Greetings, friends and church family, greetings strangers and wanderers. Welcome to this new day together/apart, in community and longing for the communities we know are possible. I’m recording this for you on the 2nd-story deck of my home in Athens, Ohio on my 80th day of sheltering in place.

Layers of this service so far might be making most of us homesick for our annual outdoor service, which usually happens about this time of year, a service where we’ve pondered and celebrated the natural world, and of course the epic potluck that follows. So I’m having a mini out-door service this morning, and I hope some of you get to, as well, even if you’re by an open window,  hearing evidence of Creation pressed to your ear like a seashell.

In the verses from Genesis, we encounter that phrase “Let there be light…”  And by some miracle, there IS light: just like that, the first day.

As some of you already know, we’ve been adding on to our house for pretty much the last decade, Michael doing much of the design and labor.
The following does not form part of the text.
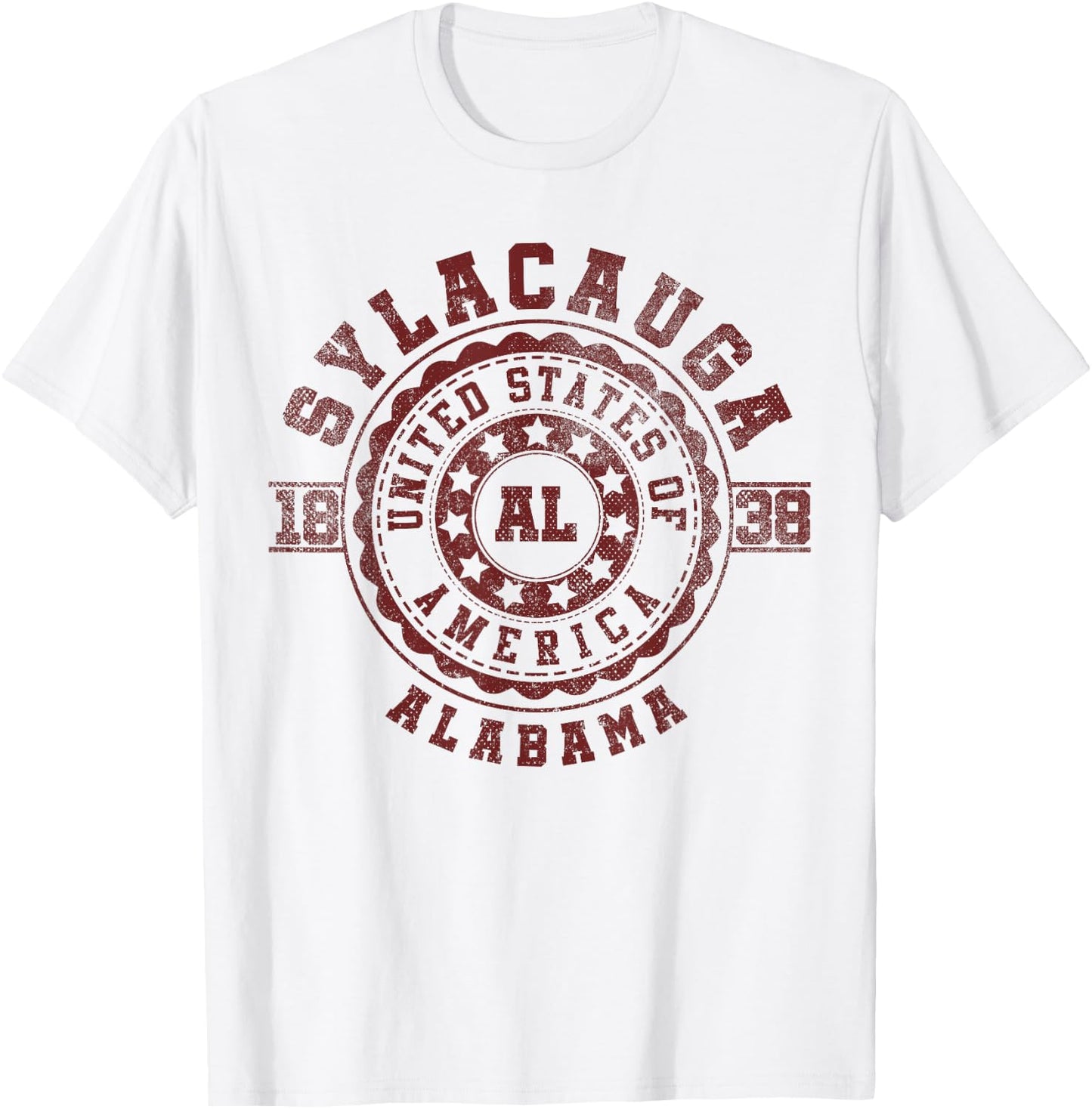 Sylacauga AL | Alabama | Vintage City Apparels T-Shirt - T-Shirt | White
This in the middle of grad school for both of us, 3 major job changes, illnesses and surgeries, and the list goes on. Our personal Creation Story includes a lot of band aids and failed trips to Lowes, but it’s also held some lovely surprises. As we’ve added windows and doorways, or taken down walls over the years, we’ve experienced light and sound in a new way. Our house is surrounded by a little urban woods, and as the maples and walnuts and sycamores age alongside us, the light patterns also evolve.

When I come back to these verses about what’s called “the great void” churning into more organisms and minerals and colors than we could ever hope to be able to imagine, I sometimes read all those “Let there be’s” as commands, or sometimes as pleas (Can God plea? I think so, I hope so.)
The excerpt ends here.